# 55g tank- heater controller or not



## AV8TOR (Feb 23, 2019)

Seems those with large tanks prefer using multiple heaters through a single controller. I understand the setup up and reasons. My question is for a 55 gallon tank is this necessary? The risk of a heater sticking still exists. Then the question, one 200w or two 100's?
I like the price of the Inkbird 306t but it seems they have their problems also. I know the Jehmco is the way to go but they are pricey. I would appreciate your feedback. Thanks


----------



## awanderingmoose (Aug 11, 2016)

Doubt if people around here would call a 55 a large tank  I've always just run a single heater, never saw the need for a fancy controller. 150W should suffice, unless you keep the tank somewhere unusually cold, like a basement.


----------



## AV8TOR (Feb 23, 2019)

I was not saying a 55 is a large tank. I stated that those here with large tanks use controllers but what about a 55. Sorry I was not more clear. Thanks for your thoughts


----------



## Deeda (Oct 12, 2012)

I do not use heater controllers on any of my tanks that use a heater which are a 75G (200W) and a 220G (300W) tank. Even on smaller size tanks that may require an occasional heater I just choose to use the appropriate wattage based on average room temperature and aquarium size then choose a heater. My house temperature stays around 72F to 75F during the winter since I have a lot of aquariums and find it cheaper to heat the house rather than the individual tanks.


----------



## Jread002 (Feb 24, 2019)

I've beenlooking into controllers lately also. I've read slot of reviews on inkbirds. From why I've read it seems like they have had failing issues almost as frequently as a heater failing issue if not more. Anyone here had issues with them failing?


----------



## noddy (Nov 20, 2006)

I would just use a 150w heater personally, provided the room is heated. I use a 300w heater on my 210g that is in a basement heated to 68f. The tank is steady at 78f.
I used to use a 250w heater on it.


----------



## AV8TOR (Feb 23, 2019)

noddy said:


> I would just use a 150w heater personally, provided the room is heated.


Thanks 
Why a 150w instead of a 200w? Is the thought that if stuck on it might not reach a deadly temp? The tank is in a livingroom heated and cooled. I always worried that a 3w/gallon heater might run most of the time and burnout sooner.
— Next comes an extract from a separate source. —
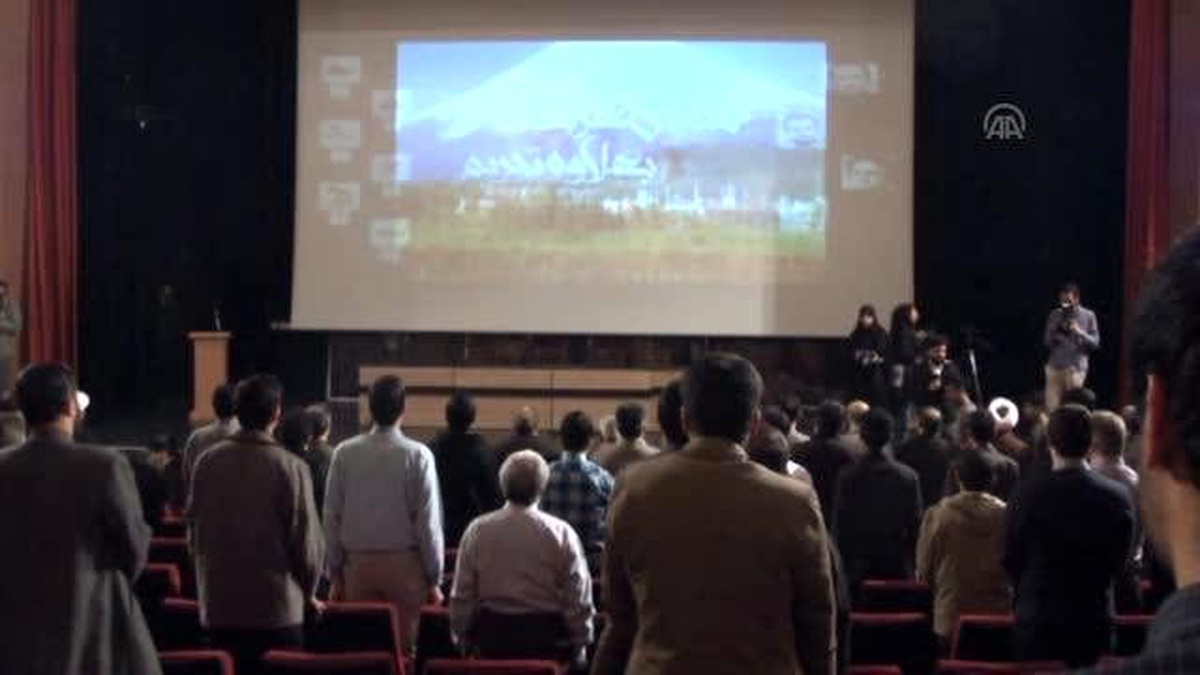 Tahran\'da Nükleer Müzakereler Konferansı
Thanks again


----------



## Sub-Mariner (Dec 7, 2011)

AV8TOR said:


> noddy said:
> 
> 
> > I would just use a 150w heater personally, provided the room is heated.
> ...


That's the point, you don't want the heater constantly turning on and off. A weaker heater will potentially run longer IE: less cycling.

Depending on your house temperature, I would personally run 1-150w heater on a controller. I've always used controllers to control the heater for that "just in case" scenario.
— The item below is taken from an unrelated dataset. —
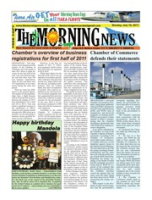 The Morning News (July 18, 2011), The Morning News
Check on eBay or reef forums. From time to time you can find deals and used controllers for super cheap.

Sent from my SM-G960U using Tapatalk


----------



## AV8TOR (Feb 23, 2019)

Jread002 said:


> I've beenlooking into controllers lately also. I've read slot of reviews on inkbirds. From why I've read it seems like they have had failing issues almost as frequently as a heater failing issue if not more.


My research has turned up issues just like you mentioned. The argument that can be made for using a controller such as the Inkbird is the failures I read are the unit stopped working. In that scenario the heater gets no power and at worst the tank water stabilizes at room temperature which at least in my house won't kill the fish as a stuck heater cooking the fish. Cost wise the Inkbird 306t is less than most quality heaters and the 308 just a tad more


----------



## AV8TOR (Feb 23, 2019)

Sub-Mariner said:


> That's the point, you don't want the heater constantly turning on and off. A weaker heater will potentially run longer IE: less cycling.
> 
> Depending on your house temperature, I would personally run 1-150w heater on a controller. I've always used controllers to control the heater for that "just in case" scenario.


Thanks, I had not looked at it that way (less cycling). 
Our house is using 71-72


----------



## wryan (Dec 6, 2015)

I currently have three 55G's up and running ... no controller, Eheim heaters in all three.


----------



## AV8TOR (Feb 23, 2019)

wryan said:


> I currently have three 55G's up and running ... no controller, Eheim heaters in all three.


What wattage are they?


----------



## wryan (Dec 6, 2015)

AV8TOR said:


> wryan said:
> 
> 
> > I currently have three 55G's up and running ... no controller, Eheim heaters in all three.
> ...


Good question ... I'd really have to go look.

I think at least two of them are 125w and maybe one of them is a 150w.

I'll look next time I'm downstairs.


----------